The more important shape is the middle. Seventeen of the twenty-eight factions fall inside a single eight-point band, 45% to 53% — the bulk of the roster clustered around even. The bottom is as clear as the top: Space Wolves (38.9%), Blood Angels (39.5%), Aeldari (41.0%) and vanilla Space Marines (41.4%, and on the largest sample in the set at 382 games) are the week’s strugglers. This is a meta with sharp edges and a soft, crowded middle.
Cross-source pulse — mind the window
The Archive is not the only group counting, and the others do not agree with it — or with each other. That sounds alarming and mostly is not. The four sources are measuring different things.
The Archive’s pull is a single ISO week. Stat Check’s is a four-week cumulative reaching back to the Defiler dataslate. Warpfriends’ is last week’s post, cumulative across the whole dataslate. 40kstats is edition-cumulative — around 280,000 games stretching back toward the start of the edition. Lay the same faction across all four and the disagreement is really a disagreement about time.
Necrons show what agreement looks like: 51% to 54.5% across every window, a spread of three and a half points — whatever the question, the answer is “comfortably above even.” Chaos Space Marines show the opposite. The edition-long number is 46.9%; Warpfriends’ dataslate window has them at 52.8%; Stat Check’s four-week window at 57%; the Archive’s single week at 59%. That is not four sources contradicting each other — it is one faction whose recent form runs well ahead of its edition average, with each shorter window catching more of the climb. Whether the 59% holds is a question only next week can answer.
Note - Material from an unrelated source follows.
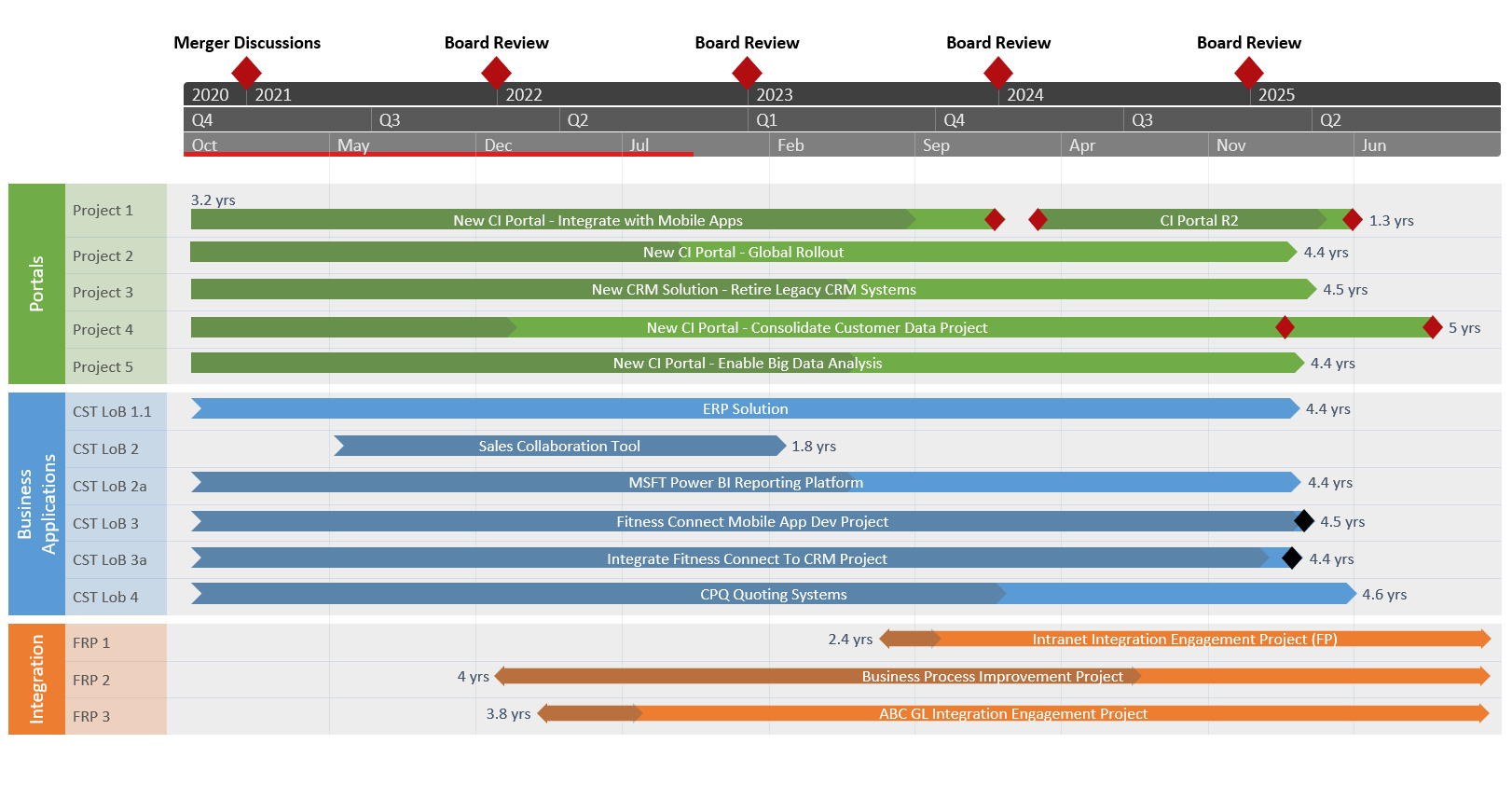 Project portfolio swimlane timelines made with Office Timeline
And then there is Thousand Sons, which is the genuinely confusing one. Stat Check has them at 62% — a top-of-the-meta number. The Archive’s week has them at 47.8%. That is a fourteen-point gap on the same faction, and it is too large to wave away with “different windows.” It might be a faction that has cooled sharply since the early dataslate; it might be sampling; it might be both. The correct response to a spread that wide is not to pick the number you prefer — it is to hold low confidence and wait. The Archive’s own methodology writing has a name for this: when independent samples diverge this far, the divergence is the finding.
Anecdotes from the noise
A few things stood out this week. All of them carry the same asterisk — one week, first capture — so read them as observations, not verdicts.
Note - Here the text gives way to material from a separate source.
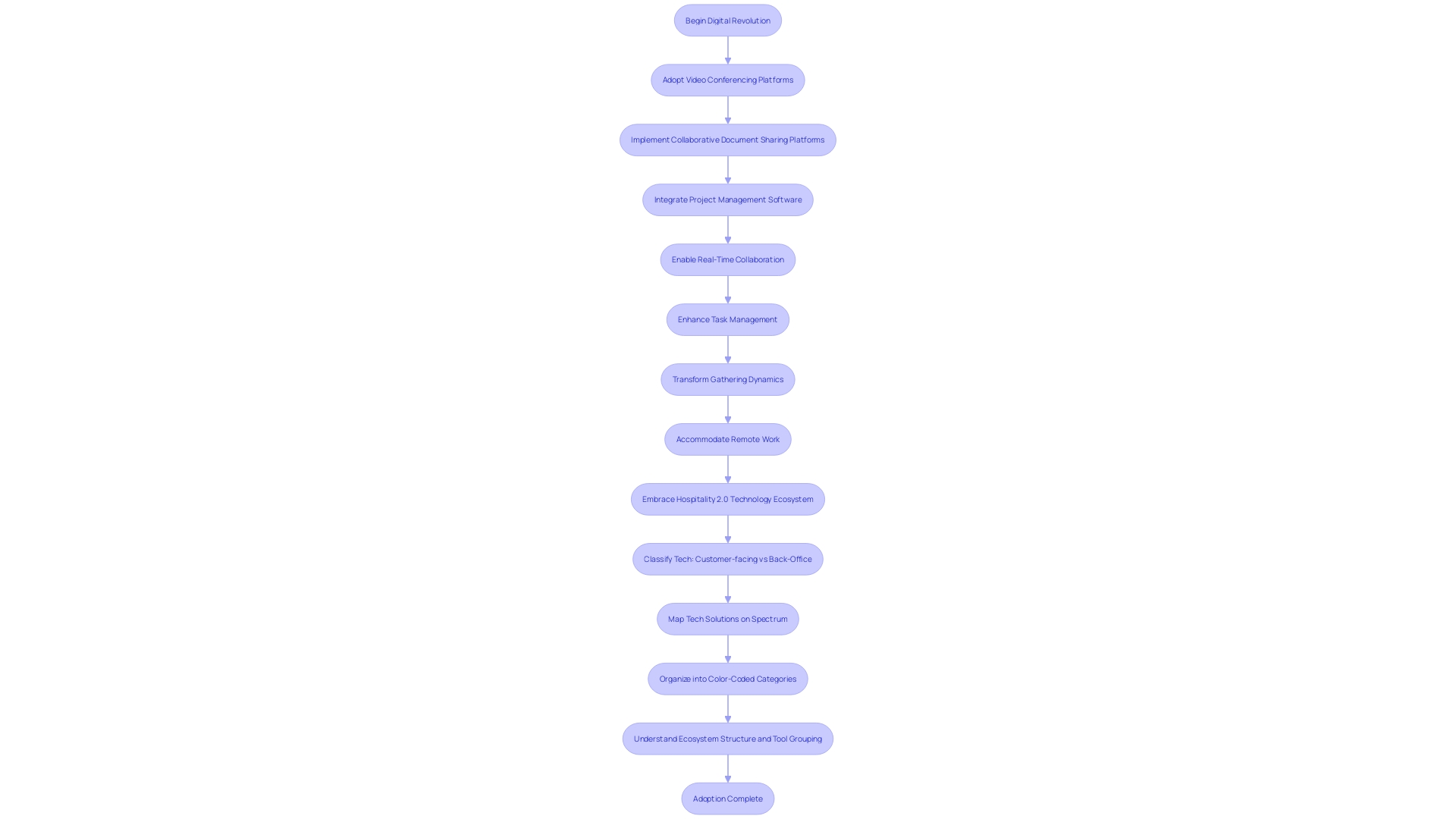 Flowchart: Embracing the Digital Revolution in Setups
The Defiler dividend, unevenly paid. The current balance dataslate is, on the Archive’s timeline, the “Defiler legalization” patch, and the Defiler is a chassis five factions can field — Chaos Space Marines, Thousand Sons, World Eaters, Death Guard and Emperor’s Children. So the obvious read is “Chaos rose.” The obvious read is also incomplete. All five drew something from the datasheet change, but the table says they did not draw it equally: Chaos Space Marines are at 59.0%, while Emperor’s Children sit at 51.4%, World Eaters at 50.0%, Death Guard at 49.9% and Thousand Sons at 47.8% — strung right across the field average. The same unit, folded into five different army rules and detachment structures, pays five different dividends. A shared buff is not a shared outcome, and the spread across the Defiler factions is a better story than the CSM number alone. The usual asterisk still applies — one week, one source.
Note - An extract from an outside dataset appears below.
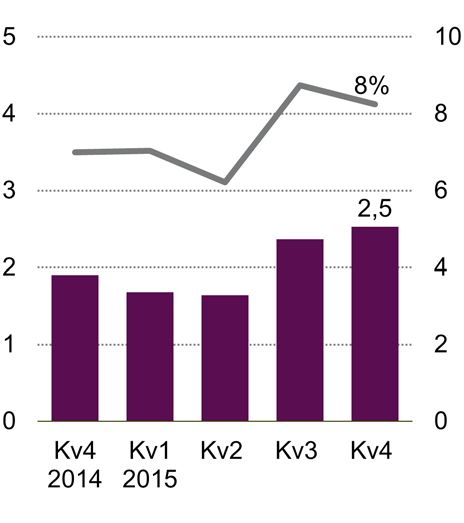 GLOBAL SERVICES Nettoomsättning per segment Nettoomsättning per kvartal, försäljningstillväxt jämfört med samma period föregående år SEK miljarder % Rörelseresultat och rörelsemarginal SEK miljarder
Deathwatch, quietly everywhere. The week’s most consistent overperformer is not the headline faction. Deathwatch land in the top three of all four sources — 54% to 63% depending on window — and both practice tier lists rate them A or better. The samples are moderate rather than huge, but four independent reads pointing the same direction is the strongest signal the data offers this week.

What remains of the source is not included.